Wind power first appeared in Europe during the Middle Ages. The first historical records of their use in England date to the 11th or 12th centuries and there are reports of German crusaders taking their windmill-making skills to Syria around 1190. By the 14th century, Dutch windmills were in use to drain areas of the Rhine delta. Advanced wind turbines were described by Croatian inventor Fausto Veranzio. In his book Machinae Novae (1595) he described vertical axis wind turbines with curved or V-shaped blades.
Around the world many sub-national governments - regions, states and provinces - have aggressively pursued sustainable energy investments.

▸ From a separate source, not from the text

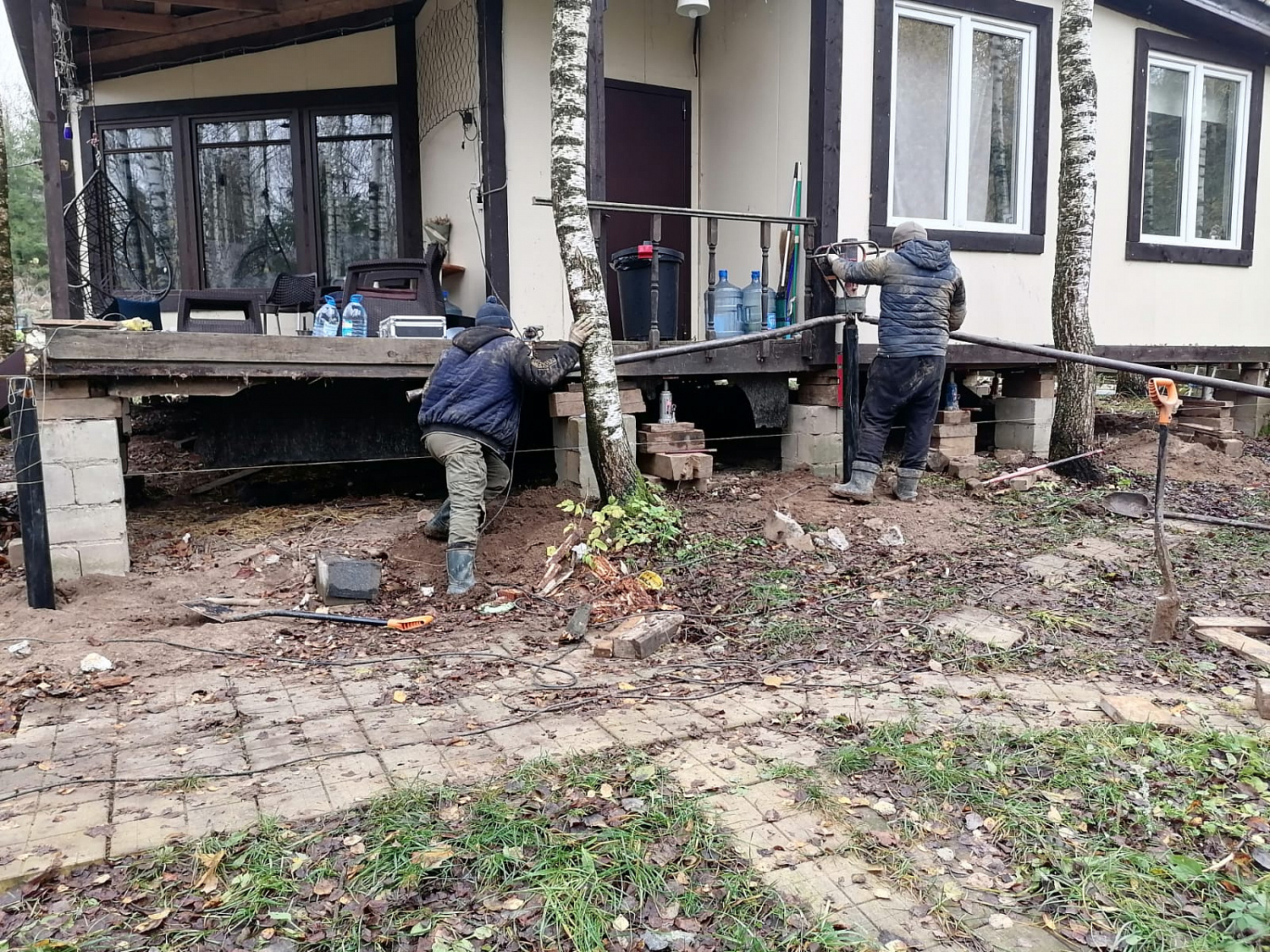 Заменили фундамент модульного дома размером 11х11м на винтовые сваи и двутавровые балки, фото До и После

In the United States, California's leadership in renewable energy was recognised by The Climate Group when it awarded former Governor Arnold Schwarzenegger its inaugural award for international climate leadership in Copenhagen in 2009. In Australia, the state of South Australia - under the leadership of former Premier Mike Rann - has led the way with wind power comprising 26% of its electricity generation by the end of 2011, edging out coal fired generation for the first time. South Australia also has had the highest take-up per capita of household solar panels in Australia following the Rann Government's introduction of solar feed-in laws and educative campaign involving the installation of solar photovoltaic installations on the roofs of prominent public buildings, including the parliament, museum, airport and Adelaide Showgrounds pavilion and schools. Rann, Australia's first climate change minister, passed legislation in 2006 setting targets for renewable energy and emissions cuts, the first legislation in Australia to do so.
In 2007, General Electric's Chief Engineer predicted grid parity without subsidies in sunny parts of the United States by around 2015; other companies predicted an earlier date: the cost of solar power will be below grid parity for more than half of residential customers and 10% of commercial customers in the OECD, as long as grid electricity prices do not decrease through 2010.